Emerald Group Publishing Limited
Civilizing the Internet opens logically enough with a chapter on the history and structure of the Internet. Though helpful as an introduction to the technology, it is rather poorly‐written, as sentences like “The Internet has a lot of goodies to offer” (p. 14) may indicate. Chapter 2 covers the social effects of the Internet, or rather it touches on this subject: the content is incomplete, almost to the point of arbitrariness, neglecting, for example, the problem of informational inequality.
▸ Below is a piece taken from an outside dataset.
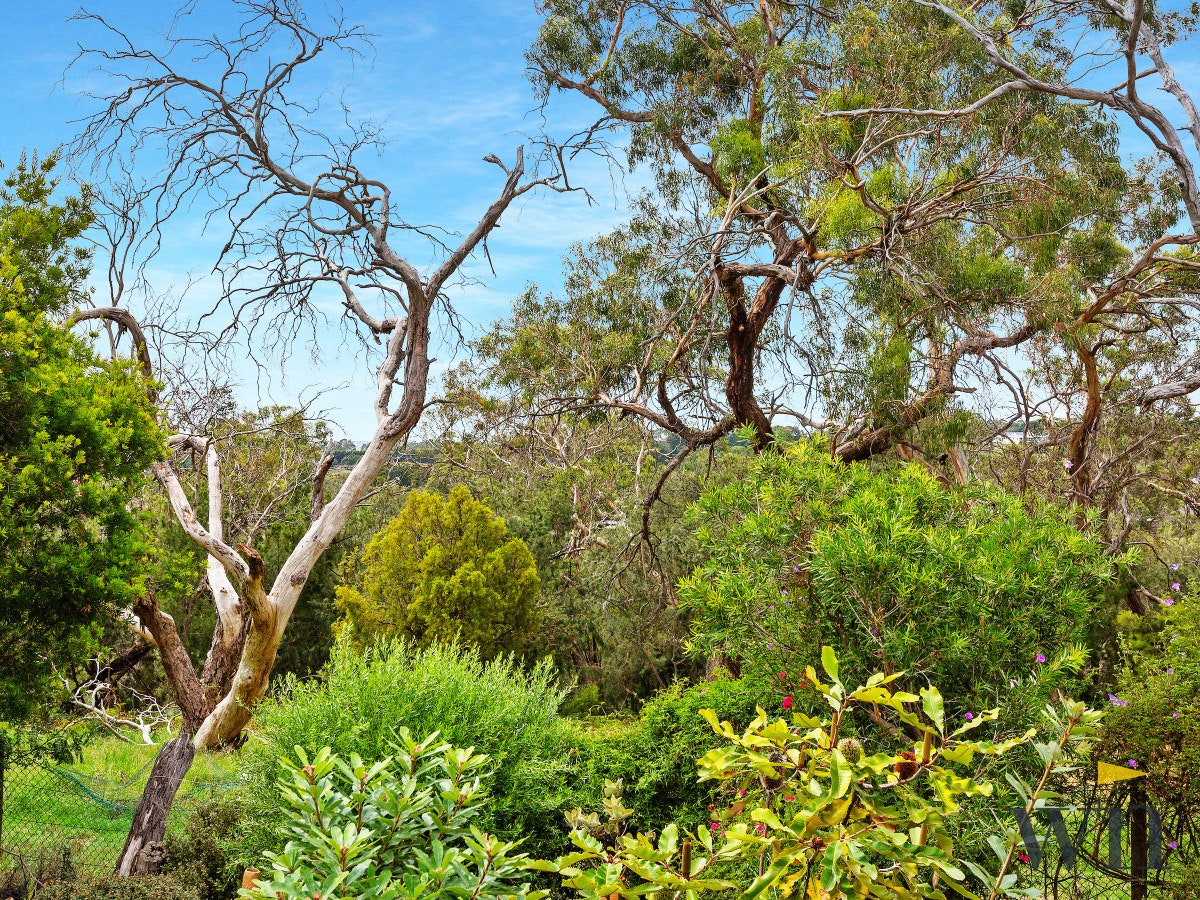 Image of plant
Many of Kizza’s statements are also too stark, such as one to the effect that the Internet is the first fully participatory communication technology (p. 25): a claim which seems to forget venerable point‐to‐point systems such as telephony. There are other major stylistic problems. On electronic commerce, for example, the author briefly lists six reasons why e‐commerce has speeded up the process of globalisation (pp. 28‐9). This might be perfectly acceptable on a lecture overhead but does not work at all well as part of a written text; and the ensuing breakdown of current e‐commerce payment schemes suddenly injects an excessive and pointless level of detail.
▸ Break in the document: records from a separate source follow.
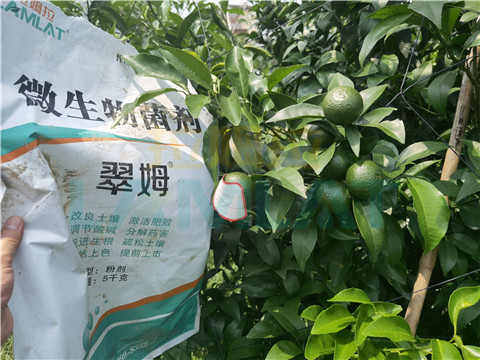 微生物菌劑，翠姆，拉姆拉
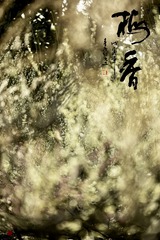 6C1DA02D-081D-41BE-B38B-3C3C85F48A70/L0/001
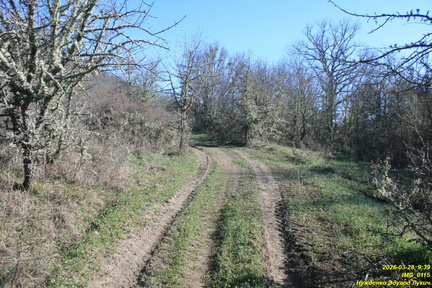 IMG 0115
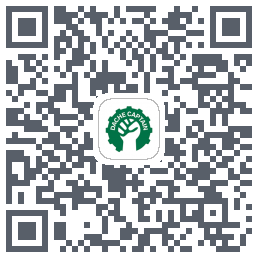 大车队长(测试) QRcode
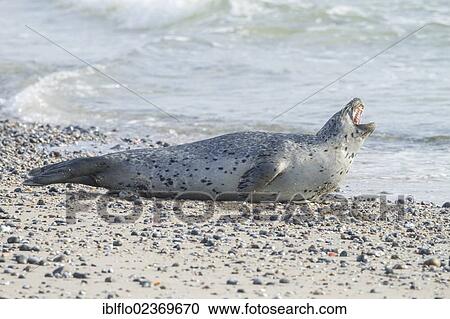 "Harbor seal (Phoca vitulina), Heligoland, Schleswig-Holstein, Germany, Europe" View Large Photo Image Stock Image - "Harbor seal (Phoca vitulina), Heligoland, Schleswig-Holstein, Germany, Europe". Fotosearch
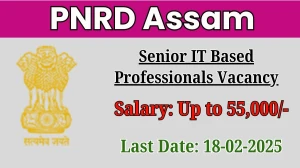 PNRD Assam Senior IT Based Professionals Recruitment 2025 - Apply Online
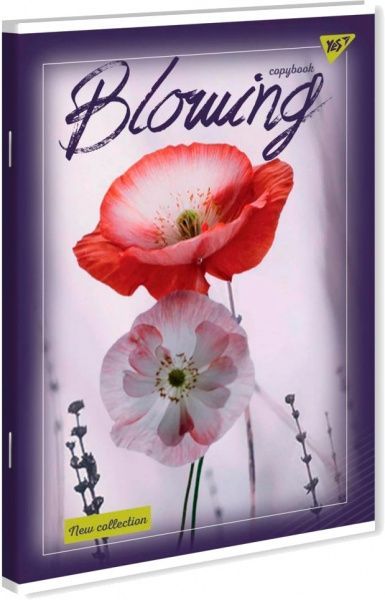 Тетрадь школьная 48 листов в клетку YES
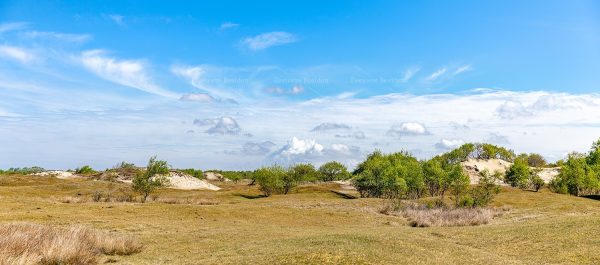 Natuurgebied Westenschouwen 3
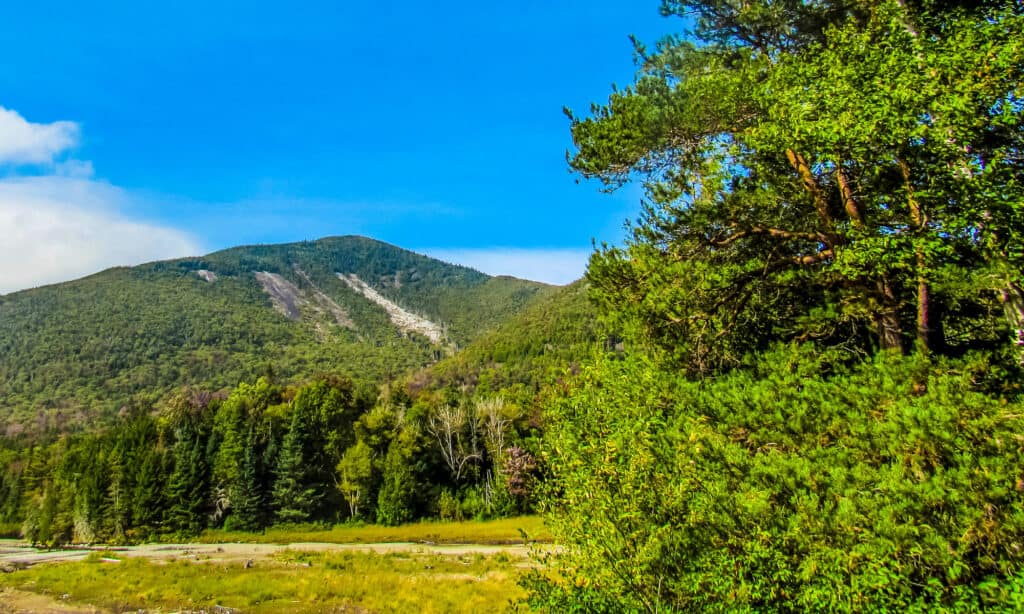 Monte Marcy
Kizza claims in his preface that he spent most of his time on Chapters 3‐5, but there is little evidence of this. Chapter 3 enumerates digital crimes and briefly introduces the debates over privacy, censorship, and information overload. It could have been written in a day or two. Chapter 4 discusses regulation and control of the Internet. There is more detail here, but it is arguably of the wrong kind, with too much of the 20‐page chapter sacrificed to the minutiae of different Internet rating systems. One must ask if a short textbook (if that is what Civilizing the Internet aspires to be) is the correct place for information to the effect that cyber‐NOT defines as “Satanic or Cult” any material which contains sublime (sic: subliminal is meant) messages that may lead to Devil worship or an affinity for evil (p. 88)? Chapter 5 is no less formulaic, documenting national and regional efforts in the regulatory sphere. The author has collated some useful material here, but it is the kind which becomes obsolete overnight; perhaps the Internet itself would be a much better source for those interested in keeping track of regulatory developments. The book closes with a lacklustre “look into the future”; it does not contain any substantive contributions to futurology.
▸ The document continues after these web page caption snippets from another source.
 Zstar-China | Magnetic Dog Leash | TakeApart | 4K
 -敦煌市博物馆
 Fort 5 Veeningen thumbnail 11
Regrettably, I cannot recommend this book for purchase. In fact, I suspect it is not really a book at all, since it sems much more akin to a set of undergraduate lecture notes and overhead transparencies. Whether the “bullet points” worked in the class‐room I cannot say, but in the present form they come across as perfunctory, simplistic, and just plain dull. Their author is described as a professor of computer science and electrical engineering, and while it is good to see an engineer taking an interest in information society studies, this disciplinary provenance perhaps helps to explain the book’s deficiencies as social commentary. Kizza should negotiate some thoughtful work penned by information scientists and sociologists – people like Lyon, Webster, Haywood, Roszak, Miles, Kling – before venturing into print on this subject again.